**Prompt**
Print exactly the line that contains "برنامج الأصدقاء 20 02 2026" along with every line beneath it to the end of the records below, and omit pictures.

>>

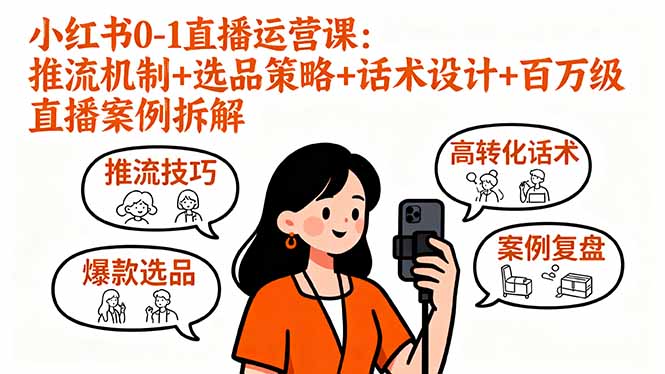 (16002期)小红书0-1直播运营课:推流机制+选品策略+话术设计+百万级直播案例拆解网创吧-网创项目资源站-副业项目-创业项目-搞钱项目网创吧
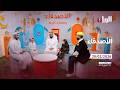 برنامج الأصدقاء 20 02 2026 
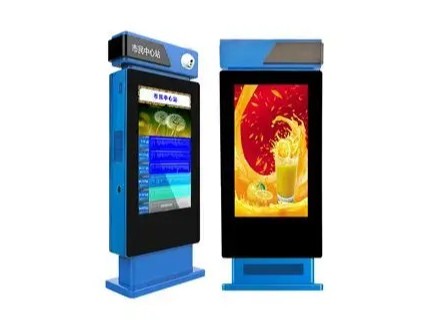 電子站牌做檢測報告要多久？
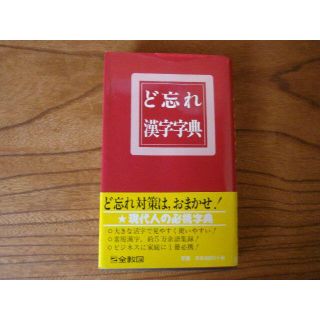 ど忘れ漢字字典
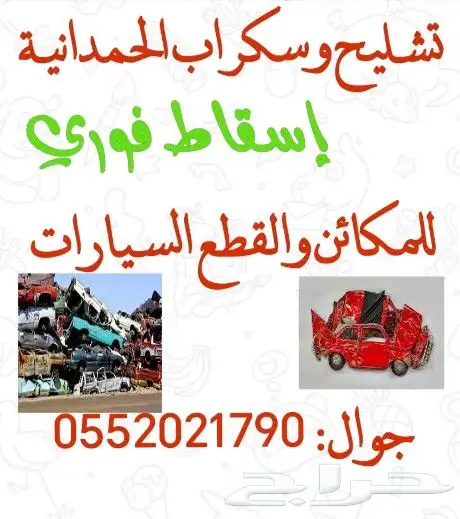 تشليح الغاامدي الحمداانية 0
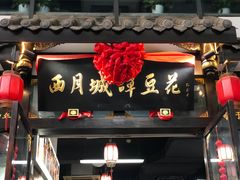 -西月城谭豆花(春熙路店)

<<

**Solution to the problem**
 برنامج الأصدقاء 20 02 2026 
 電子站牌做檢測報告要多久？
 ど忘れ漢字字典
 تشليح الغاامدي الحمداانية 0
 -西月城谭豆花(春熙路店)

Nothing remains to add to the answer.